Wer keine Geschwister hat, braucht gute Eltern 

Aber um all das hier schreiben zu können, hatte ich auch einfach ziemlich großes Glück. Mein Einzelkind-Dasein wäre nicht so schön gewesen, hätte ich nicht so lässige Eltern und Großeltern gehabt, die gern Zeit mit mir verbracht haben. Eine schöne Einzel-Kindheit ohne liebe Eltern stelle ich mir nämlich schwierig vor.

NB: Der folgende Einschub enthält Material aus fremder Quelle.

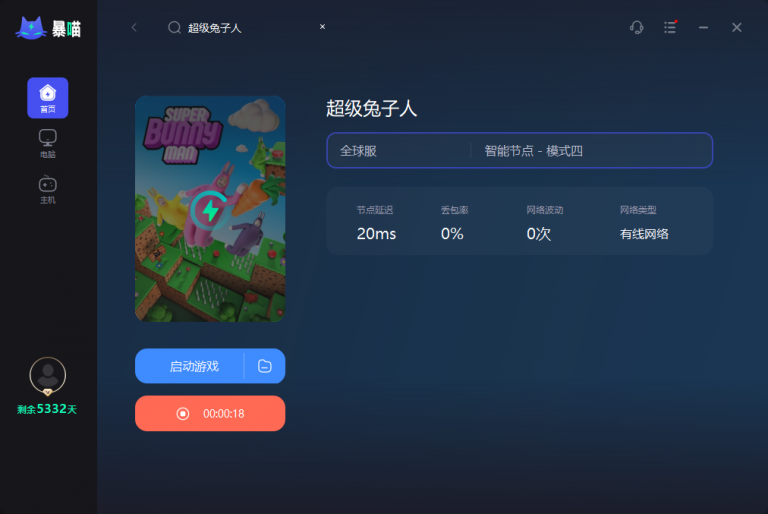 超级兔子加速王 设置界面 智能分流与网络修复选项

Als Erwachsene denke ich mir schon manchmal, ob es mit Geschwistern nicht einfacher wäre. Wenn die Eltern langsam älter werden, drehen sich die Verantwortlichkeiten: Da sind nicht mehr zwei Erwachsene für ein Kind verantwortlich, sondern ein Kind für zwei Erwachsene. Andererseits kann mir auch niemand versprechen, dass die Geschwister, die ich bekommen hätte, auch coole Socken gewesen wären. Geschwister können zwar die besten Seelenverwandten werden, aber auch die fiesesten Feinde. Oder auch ganz anders als man selbst und man sieht sich irgendwann nur noch zu Weihnachten zu Hause. Da teile ich meine Eltern doch lieber nur mit mir selbst.